Transcribed word for word, the lines below from the one with "Suasana pasar ikan" through the last line of the records form the answer; no picture is to be included.

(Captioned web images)
########################################

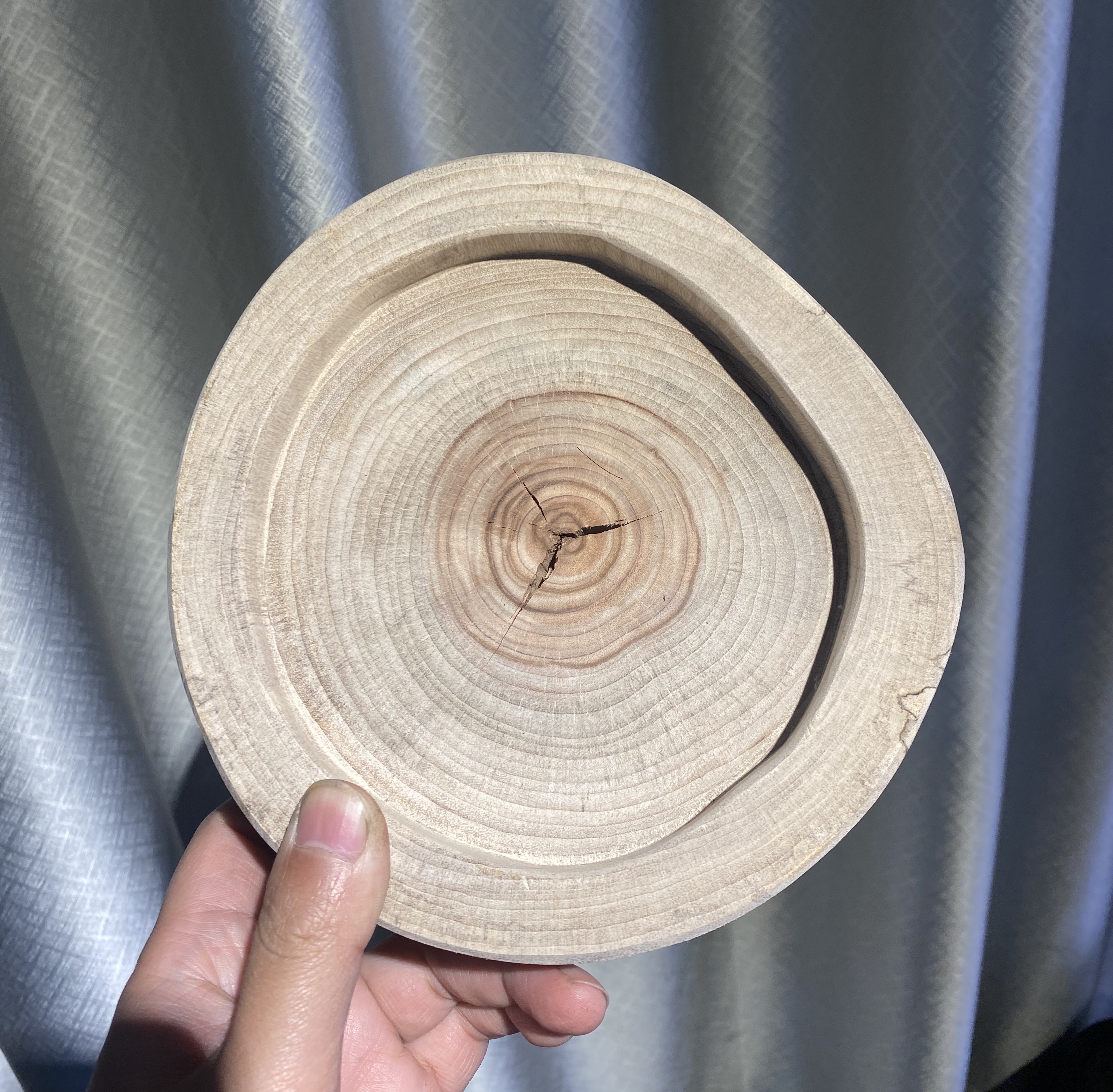 香樟木原木  直播改价链接一物一拍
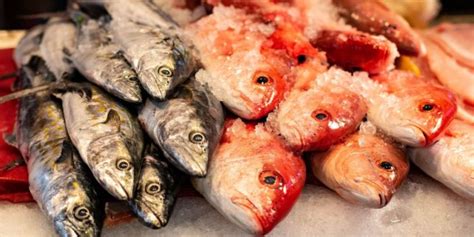 Llaman a consumir pescados y mariscos frescos de producción nacional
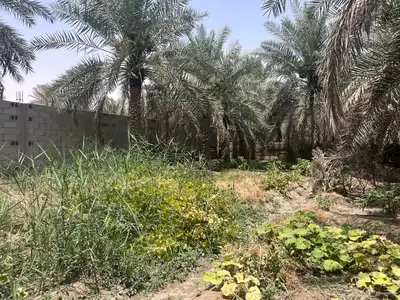 مزرعة للبيع -أرض زراعية موقع متميز- الاحساء- مزارع 21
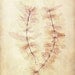 Antique Botanical Print "Ghost Leaves" Victorian Floral Pressed Flowers - Vintage Woodland - Pink Sepia Leaves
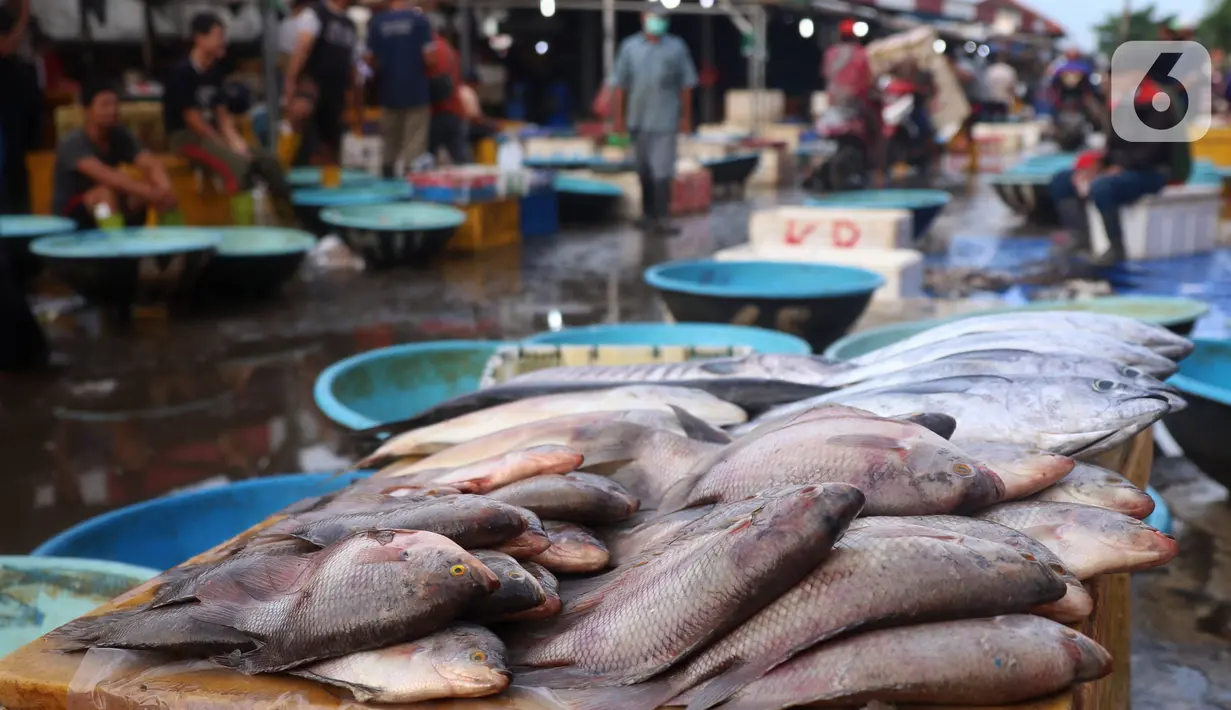 Suasana pasar ikan di Kamal Muara, Jakarta, Jumat (15/4/2022). Pasokan ikan dipastikan aman untuk kebutuhan selama Ramadhan 1443 Hijriah dan Hari Raya Idul Fitri, dengan perkiraan ketersediaan ikan tangkapan dan budidaya April dan Mei 2022 sebesar 2,99 juta ton. (Liputan6.com/Angga Yuniar)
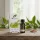 Dr. Organic - Bio Teafaolaj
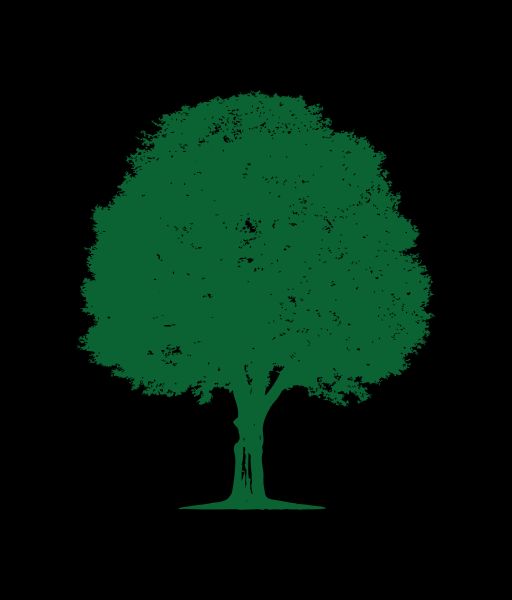 Highlands Tree Service, LLC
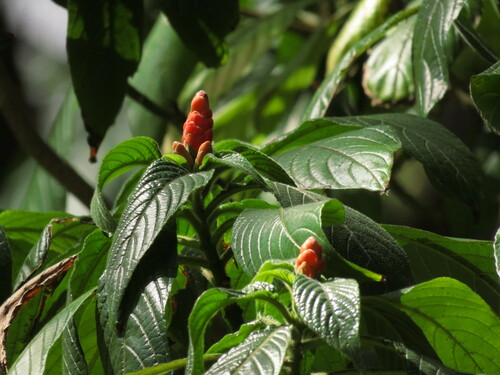 Aphelandra sinclairiana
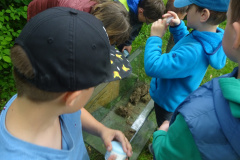 Projekt-Den-Insekten-auf-der-Spur-2026024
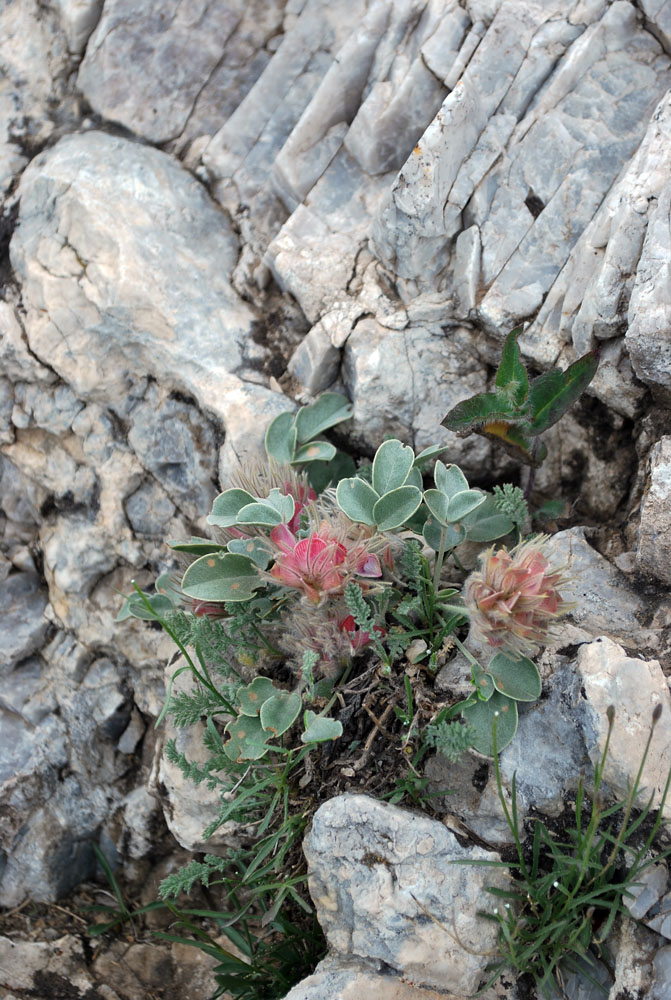 Изображение особи Hedysarum plumosum.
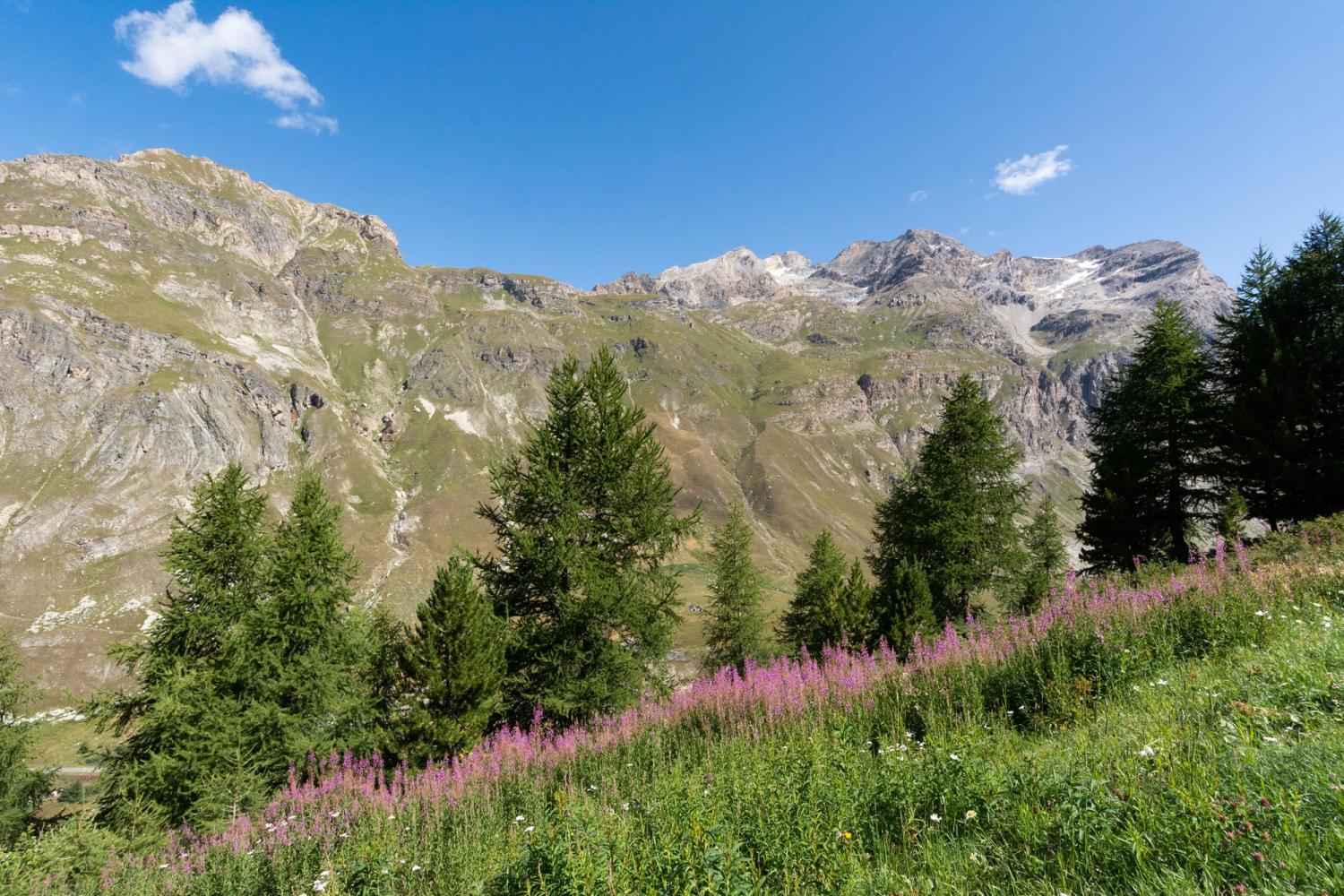 Réserve naturelle nationale de la Bailletaz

########################################

Written answer =
 Suasana pasar ikan di Kamal Muara, Jakarta, Jumat (15/4/2022). Pasokan ikan dipastikan aman untuk kebutuhan selama Ramadhan 1443 Hijriah dan Hari Raya Idul Fitri, dengan perkiraan ketersediaan ikan tangkapan dan budidaya April dan Mei 2022 sebesar 2,99 juta ton. (Liputan6.com/Angga Yuniar)
 Dr. Organic - Bio Teafaolaj
 Highlands Tree Service, LLC
 Aphelandra sinclairiana
 Projekt-Den-Insekten-auf-der-Spur-2026024
 Изображение особи Hedysarum plumosum.
 Réserve naturelle nationale de la Bailletaz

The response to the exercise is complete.